Opened 7 years ago
Closed 7 years ago
#28128 closed Uncategorized (duplicate)
Fulltext search very slow with annotate(SearchVector)
Reported by: | Gavin Wahl | Owned by: | |
---|---|---|---|
Component: | contrib.postgres | Version: | 1.11 |
Severity: | Normal | Keywords: | |
Cc: | Triage Stage: | Unreviewed | |
Has patch: | no | Needs documentation: | no |
Needs tests: | no | Patch needs improvement: | no |
Easy pickings: | no | UI/UX: | no |
Description
I have this model:
class Bug(models.Model): # .. fields ... # This field is managed by Django, adding stuff to it that should be # included in the fulltext search. fulltext = models.TextField()
The Bug
table has many rows, so I need to add an index on the fulltext column for fulltext search:
CREATE INDEX ON buggy_bug USING GIN (to_tsvector('english'::regconfig, COALESCE("fulltext", '')));
Note that postgres requires the english
config argument to to_tsvector
for it be allowed to be used in an index.
Now, at query time, the expression Django uses must exactly match the expression in the functional index. By default, filter(fulltext__search='foo')
leaves out the config argument to to_tsvector
, so my index isn't used. The documentation shows us how to fix this, by annotating a search field:
Bug.objects.annotate( search=SearchVector('fulltext', config='english') ).filter( search='foo' )

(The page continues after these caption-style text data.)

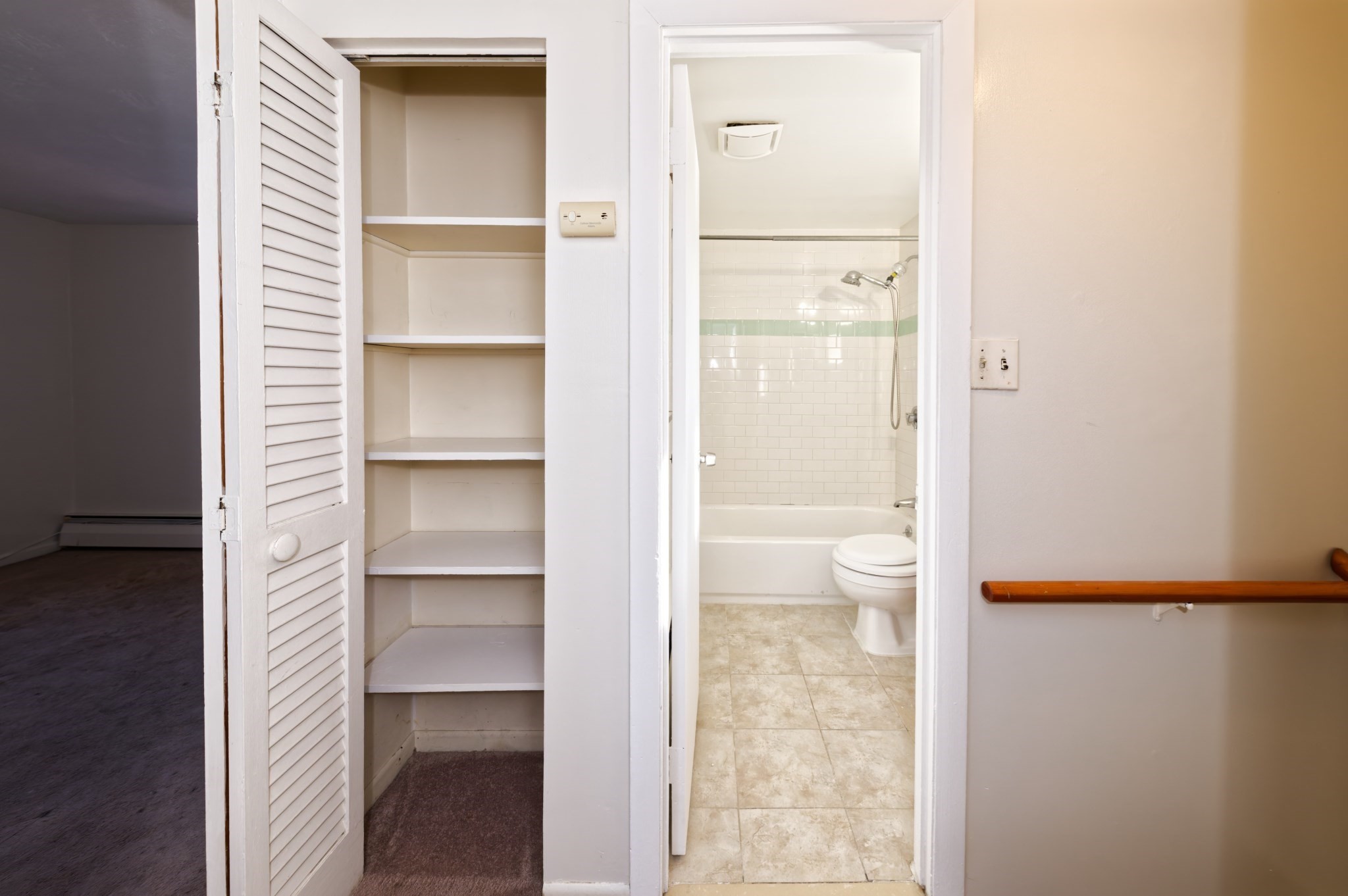 4 Bishop Dr Unit 4, Framingham, MA 01702 - Image 11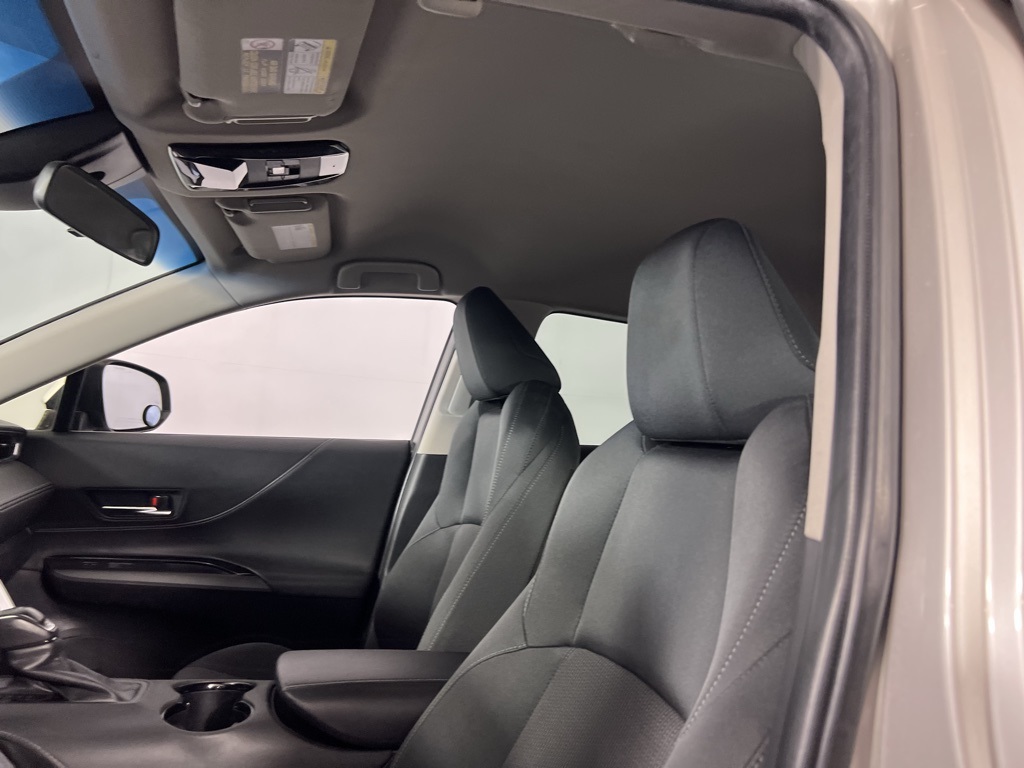 Vehicle image 24 of 49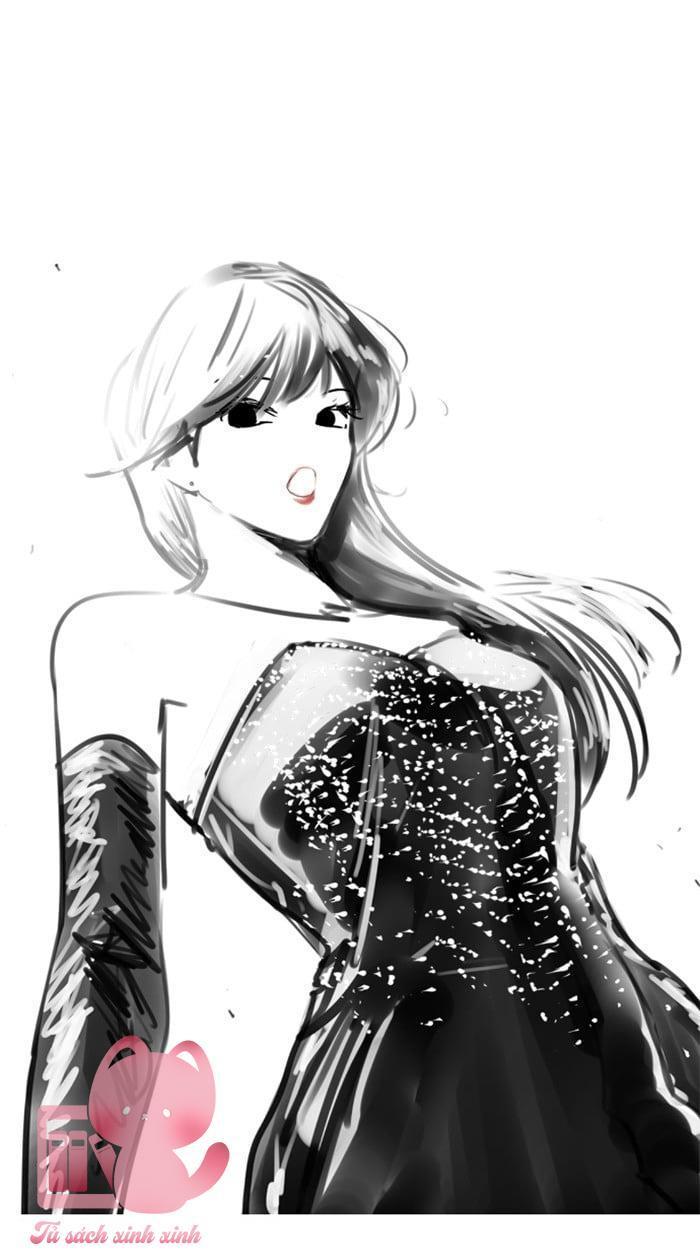 lee doona chapter 27 1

Now the expressions match and the index is used. However, the query is still crazy slow. This is the query Django does:
SELECT "buggy_bug"."id", to_tsvector('english'::regconfig, COALESCE("buggy_bug"."fulltext", '')) AS "search" FROM "buggy_bug" WHERE to_tsvector('english'::regconfig, COALESCE("buggy_bug"."fulltext", '')) @@ (plainto_tsquery('english'::regconfig, 'foo')) = true;
Which takes 2500 milliseconds on my data, and EXPLAIN confirms it is using the index. With some playing around with it, I find that removing the annotated search column gives a huge speedup:
SELECT "buggy_bug"."id" FROM "buggy_bug" WHERE to_tsvector('english'::regconfig, COALESCE("buggy_bug"."fulltext", '')) @@ (plainto_tsquery('english'::regconfig, 'foo')) = true;
This query only takes 11 milliseconds.
What's the point of selecting the result of to_tsvector? We don't actually use it in Django, we just had to do it to specify the config to use for to_tsvector.
There needs to be a way to specify the config for to_tsvector in order to use an index without a huge slowdown.
I think this is a duplicate of #27719.